Однажды афиша на клубе речников возвестила, что через день будут показывать кинокартину «Возраст любви». В кино Аленка была в последний раз три года назад, когда жила в детском доме. Девочка прошла возле афиши, и ей вспомнились подруги, венки из одуванчиков, шумные походы за кедровыми шишками и огромный, во всю стену, светящийся экран, на котором плескалось о скалы Черное море и плыли рыбачьи сейнеры. Самый дешевый билет стоил рубль, и она решила во что бы то ни стало заработать его.
Аленка встала засветло, когда Авдей, огромный и прочный, вытянувшись на кровати, громогласно храпел. Сбегав в ледник, Аленка поставила на стол большую миску свежего творога и жбанок сметаны, вынула из печи шаньги, съела одну и, захватив с собой маленькое ведерко, осторожно вышла во двор. Потом она открыла сарай и погнала корову в падь.
Корова щипала траву, а Аленка по обоим склонам пади собирала землянику. На левой, солнечной стороне склона ягоды были слаще, душистей, хотя и те и другие одинаково красные. Иногда Аленка клала ягоду в рот, и она таяла и растекалась приятной прохладой.
Через час Аленка набрала стакана четыре ягод. Спустившись к ручью, она умылась и побежала по тропинке вниз, к поселку. На Большой улице, идущей вдоль Байкала, находился маленький базарчик. За прилавком несколько женщин торговали прошлогодними кедровыми орехами, молоком и сметаной. Рядом с ними стала и Аленка. Чтобы ее не заметил Авдей — он, наверно, уже поднялся, — она все время смотрела по сторонам. Она была невелика, и поэтому из-за прилавка виднелись только ее соломенные волосы и два синих настороженных глаза.
И все-таки Аленка не углядела.
— Ты чем это торгуешь? — вдруг раздалось над ней.
Аленка от испуга юркнула под прилавок, но оттуда ее вытащила громадная волосатая рука. На нее смотрел Авдей своими спокойными водянистыми глазами. Его большое плотное лицо было гладко выбрито, сатиновая рубаха выглажена и тщательно заштопана под мышкой Аленкиными руками, кирзовые сапоги густо смазаны дегтем — это тоже входило в ее обязанности.

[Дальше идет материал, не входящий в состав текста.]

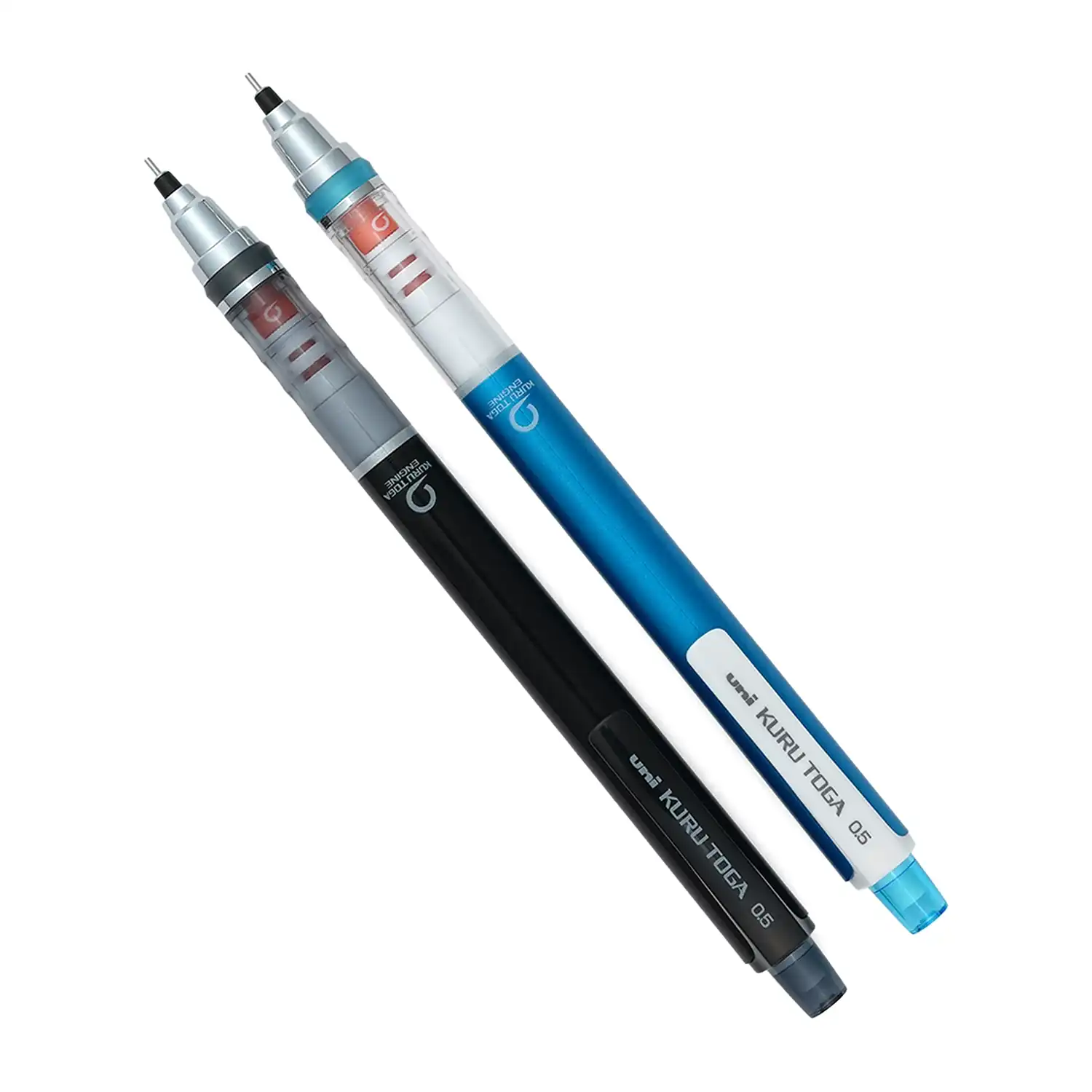 Uni Kuru Toga Mechanical Pencil 0.5 mm for Drawing and Sketching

— Домой, — сказал он ровным голосом.
Они зашагали к дому. В одной руке Авдей держал ведерко, большими порциями высыпал ягоды в ладонь и отправлял в рот. И нельзя было понять, понравилась ему земляника или нет, потому что его лицо ничего не выражало: ни особой радости, ни особого неудовольствия. Когда же они подошли к дому и плотная калитка, громко хлопнув, пропустила их во двор, Авдей сказал:
— Будешь по утрам бегать. В них, сказывают, витамин имеется, полезный для здоровья.
— Буду, — прошептала Аленка и бросилась в хлев.
Авдей по-прежнему ел жбанами простоквашу, банками сметану, поглощал огромное количество творога и, чтобы прожить еще лет двадцать, не утруждал себя тяжелой работой.
Но не помогли ему ни простокваша, ни покойное житье. Через полгода он неожиданно умер.
Хоронили его соседи, хоронили как-то по-будничному, даже без скромных почестей. Свободной лошади в поселковом Совете в этот день не оказалось, и четверо дюжих мужчин несли на плечах Авдея в грубом некрашеном гробу, на скорую руку сколоченном на лесопилке.
За ним шли всего три сердобольных набожных старушки, да и то одна из них, когда гроб проносили возле магазина, вспомнила, что дома нет хлеба, и юркнула в булочную.
Сзади тонкими босыми ногами семенила по пыли Аленка, перепуганная, пришибленная.
На следующий день она убежала в детский дом, и больше о старике Авдее никто и не вспомнил в поселке. И казалось, он и не жил на свете и ничего не оставил после себя на земле, ничего, кроме горки рыжей глины на кладбище.